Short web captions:
----------------------------------------
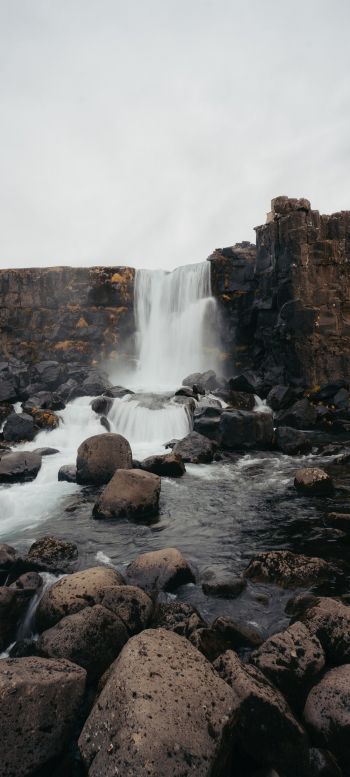 Iceland, waterfall, stones Wallpaper 1440x3200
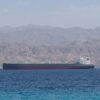 Oil tanker sailing through the Strait of Hormuz amid global oil market tensions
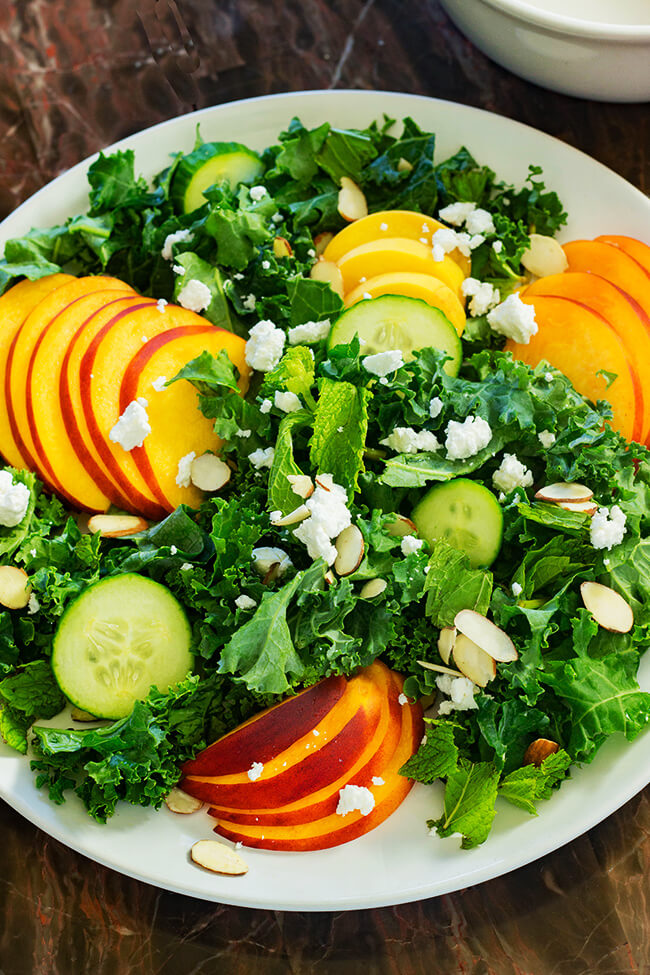 This peach goat cheese kale salad showcases ripe peaches, tangy goat cheese and crunchy almonds with a delicious balsamic vinegar dressing. 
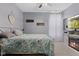 A cozy bedroom features a floral bedspread and a fireplace with a mounted TV at 3599 Chalmers Dr, Bargersville, IN 46106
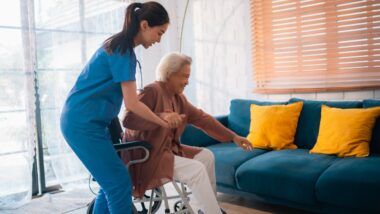 Assistant helping elderly woman onto her couch.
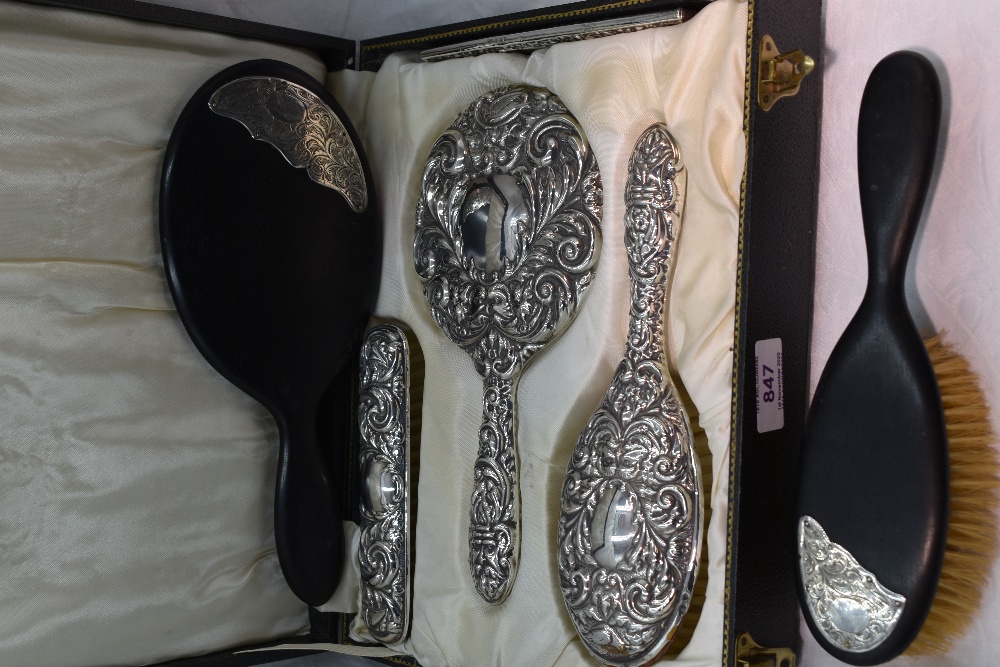 A cased silver four piece dressing table set having repousse mask, bird and scroll decoration,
----------------------------------------
Work required: Leave out all pictures and retype precisely the lines that run from the line containing "Assistant helping elderly" to the last line of the records.

Response:
 Assistant helping elderly woman onto her couch.
 A cased silver four piece dressing table set having repousse mask, bird and scroll decoration,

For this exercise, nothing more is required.